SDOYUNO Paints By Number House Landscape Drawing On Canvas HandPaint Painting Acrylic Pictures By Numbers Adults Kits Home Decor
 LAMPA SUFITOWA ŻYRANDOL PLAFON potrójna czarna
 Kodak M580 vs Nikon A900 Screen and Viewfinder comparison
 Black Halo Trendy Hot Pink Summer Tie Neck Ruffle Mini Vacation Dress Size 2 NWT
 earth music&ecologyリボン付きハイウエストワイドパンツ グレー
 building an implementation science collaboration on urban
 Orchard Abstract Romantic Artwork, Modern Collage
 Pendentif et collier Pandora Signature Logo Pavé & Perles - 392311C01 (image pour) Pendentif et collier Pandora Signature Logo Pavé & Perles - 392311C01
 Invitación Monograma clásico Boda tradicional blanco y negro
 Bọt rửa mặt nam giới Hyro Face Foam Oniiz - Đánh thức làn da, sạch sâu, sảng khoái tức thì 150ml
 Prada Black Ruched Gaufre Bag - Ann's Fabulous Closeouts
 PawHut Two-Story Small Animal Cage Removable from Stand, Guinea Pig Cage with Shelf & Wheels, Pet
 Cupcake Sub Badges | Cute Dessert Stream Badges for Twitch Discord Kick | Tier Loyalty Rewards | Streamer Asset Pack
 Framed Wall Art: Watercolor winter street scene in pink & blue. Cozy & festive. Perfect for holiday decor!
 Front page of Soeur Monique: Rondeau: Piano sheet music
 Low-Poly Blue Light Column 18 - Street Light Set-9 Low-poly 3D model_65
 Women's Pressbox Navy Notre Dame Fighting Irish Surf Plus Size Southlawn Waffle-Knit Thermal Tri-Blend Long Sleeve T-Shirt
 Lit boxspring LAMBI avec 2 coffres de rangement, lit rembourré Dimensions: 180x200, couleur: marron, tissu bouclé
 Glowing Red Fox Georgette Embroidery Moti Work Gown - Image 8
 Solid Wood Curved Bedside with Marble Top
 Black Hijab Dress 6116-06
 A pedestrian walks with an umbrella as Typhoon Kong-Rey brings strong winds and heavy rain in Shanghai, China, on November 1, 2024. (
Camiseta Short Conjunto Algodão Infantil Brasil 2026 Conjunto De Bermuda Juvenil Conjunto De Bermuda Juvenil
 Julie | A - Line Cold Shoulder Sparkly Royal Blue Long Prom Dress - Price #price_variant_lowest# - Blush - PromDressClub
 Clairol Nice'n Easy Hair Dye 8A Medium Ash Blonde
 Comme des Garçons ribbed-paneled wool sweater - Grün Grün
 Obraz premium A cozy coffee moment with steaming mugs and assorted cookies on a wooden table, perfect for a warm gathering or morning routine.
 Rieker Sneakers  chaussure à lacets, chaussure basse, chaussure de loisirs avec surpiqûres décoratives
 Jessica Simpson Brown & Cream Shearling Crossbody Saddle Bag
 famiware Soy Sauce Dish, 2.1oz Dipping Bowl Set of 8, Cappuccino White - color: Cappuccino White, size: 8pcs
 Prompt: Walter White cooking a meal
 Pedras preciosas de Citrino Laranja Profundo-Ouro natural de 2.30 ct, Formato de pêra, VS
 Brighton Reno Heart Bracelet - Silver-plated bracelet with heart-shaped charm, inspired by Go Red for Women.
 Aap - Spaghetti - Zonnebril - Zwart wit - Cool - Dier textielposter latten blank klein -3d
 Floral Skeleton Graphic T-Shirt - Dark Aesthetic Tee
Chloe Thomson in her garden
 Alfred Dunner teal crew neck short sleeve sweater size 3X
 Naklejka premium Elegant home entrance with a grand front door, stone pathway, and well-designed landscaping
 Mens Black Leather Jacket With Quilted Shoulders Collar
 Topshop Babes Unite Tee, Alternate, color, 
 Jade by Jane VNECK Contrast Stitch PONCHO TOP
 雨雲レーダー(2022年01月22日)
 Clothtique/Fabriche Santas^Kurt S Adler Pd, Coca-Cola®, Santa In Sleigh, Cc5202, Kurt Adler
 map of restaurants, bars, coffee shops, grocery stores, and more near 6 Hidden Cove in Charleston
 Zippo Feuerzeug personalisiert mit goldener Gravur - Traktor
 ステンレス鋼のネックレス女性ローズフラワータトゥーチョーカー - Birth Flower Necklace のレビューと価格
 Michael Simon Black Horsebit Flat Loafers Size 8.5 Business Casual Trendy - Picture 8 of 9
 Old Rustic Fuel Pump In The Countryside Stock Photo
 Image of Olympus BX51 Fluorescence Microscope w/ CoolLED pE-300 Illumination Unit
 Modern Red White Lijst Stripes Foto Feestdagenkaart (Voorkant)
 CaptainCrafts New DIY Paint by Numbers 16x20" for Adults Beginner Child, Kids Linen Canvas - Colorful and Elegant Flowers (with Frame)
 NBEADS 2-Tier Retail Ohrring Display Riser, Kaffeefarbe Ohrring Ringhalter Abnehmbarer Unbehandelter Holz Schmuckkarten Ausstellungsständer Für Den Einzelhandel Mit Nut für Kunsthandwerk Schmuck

──────────────────────────────

| Problem |
Everything starting at the line containing "Clothtique/Fabriche Santas^Kurt S" and ending at the line containing "ステンレス鋼のネックレス女性ローズフラワータトゥーチョーカー - Birth" in the records above should be repeated exactly, and only that.

| The answer |
 Clothtique/Fabriche Santas^Kurt S Adler Pd, Coca-Cola®, Santa In Sleigh, Cc5202, Kurt Adler
 map of restaurants, bars, coffee shops, grocery stores, and more near 6 Hidden Cove in Charleston
 Zippo Feuerzeug personalisiert mit goldener Gravur - Traktor
 ステンレス鋼のネックレス女性ローズフラワータトゥーチョーカー - Birth Flower Necklace のレビューと価格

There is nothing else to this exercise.